The link to the proposals and consultation are here: Council Tax High-Value Property Bands (Mansion Tax): consultation - gov.scot

Effectively, this will mean the introduction of two additional Council Tax bands in Scotland (Band I and Band J) to our current 8-band structure (Band A-H). Band I will be for homes valued at £1 million to £2 million and Band J will be for homes valued at over £2 million.

It is estimated that the new bands will bring in around £12 million to £16 million per year in revenue, which is a very small amount. Overall, Council Tax currently brings in around £3.5 billion of net revenue each year for local government. There will also likely be a need for some form of valuation exercise to capture properties at these levels, which will have a cost and will not be easy (Zoopla recently estimated that around 40% of properties in England & Wales worth over £1.5 million did not have a sale recorded on the Land Registry. If the same is true in Scotland, then the basis for many valuations may well be questionable).

Note that the valuation exercise is only planned for these properties and not for properties more widely, which will continue to be banded by their 1991 valuations, which is one of the many problems with Council Tax.

It is estimated that there only around 15,000 properties in Scotland will be impacted by this change; a very small proportion of the approximately 2.7 million residential dwellings in the country.

The current top band (Band H) in Scotland pays an average of £4,051 per year in Council Tax. In the illustrative examples provided in the consultation, the Government suggests that Band I may pay an additional £720 on top of this (bringing the total bill to close to £5,000 per annum) and Band J pays an extra £3,600 (bringing its total bill to close to £8,000 per year).

It will be difficult to elicit sympathy from the general Scottish population for people buying houses at these price levels and there will undoubtedly be campaigning to make these uplifts much higher. Taxing other people more is always popular.

However, the Government needs to take account of the other major tax that these properties contribute to – Land & Buildings Transaction Tax (LBTT). A house sale at £1 million will generate over £78,000 in LBTT and the tax take continues to rise to £2 million, when the LBTT due is £200,000. If this is a second home purchase and includes Additional Dwelling Supplement (ADS), then the equivalent figures are £200,000 and £358,000. The prime part of the property market is already quite heavily taxed.
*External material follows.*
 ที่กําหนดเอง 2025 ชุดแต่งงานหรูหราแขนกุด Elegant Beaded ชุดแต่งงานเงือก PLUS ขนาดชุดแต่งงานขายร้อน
Although the additional Council Tax being sought for these properties is relatively small, it may well have a cooling effect on prime sales.
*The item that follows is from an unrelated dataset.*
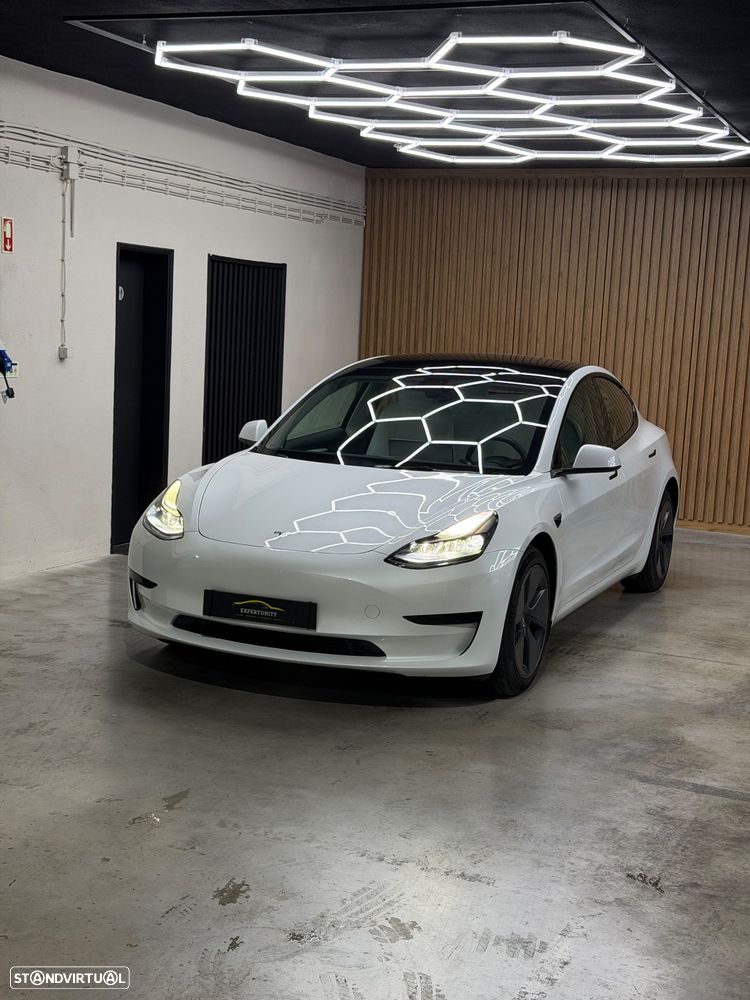 Tesla Model 3 Standard RWD - 3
There were just under 500 sales of £1 million plus properties in Scotland last year and LBTT from these sales in Scotland generated around £65 million per annum for the Scottish Government, i.e. around 9% of the total LBTT tax take from just 0.5% of the total sales. It does a lot of heavy lifting. If the ‘mansion tax’ causes a behavioural response and makes some people less likely to move at these values, then the increased tax take from the ‘mansion tax’ may be more than wiped out by the loss of LBTT revenue (and the loss of the wider economic impacts of these sales not just for estate agents but for conveyancers, solicitors and removal firms as well, among others). For example, if there were 20% fewer sales due to behavioural responses, this would reduce LBTT revenues by around £13 million, i.e. equivalent to the total ‘mansion tax’ revenue.
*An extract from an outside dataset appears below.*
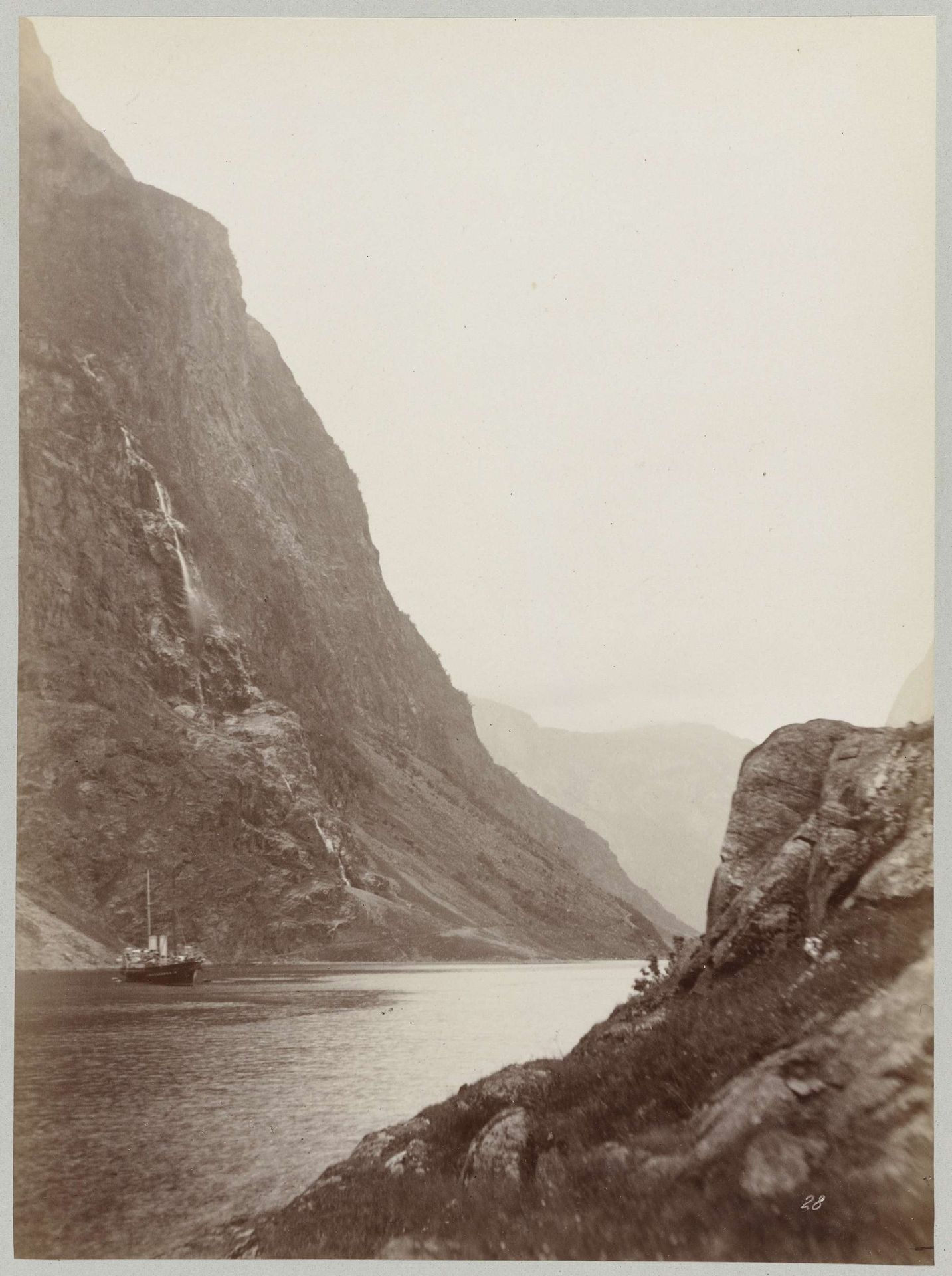Schip op een rivier in het bergachtige Noorse landschap by Paul Güssfeldt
I made this point in a recent BBC Radio Scotland interview on its Drivetime news programme, which you can find here from around 15:20 minutes: https://www.bbc.co.uk/sounds/play/m002ykvr

We have argued over the years that the Scottish Government should be looking more closely at behavioural responses to taxation, particularly LBTT, to optimise the tax take while also not depressing the market. It has not done this to date. In the context of the introduction of the ‘mansion tax’ it seems important to do this now.

The consultation closes on 24th August, and we would encourage people to participate.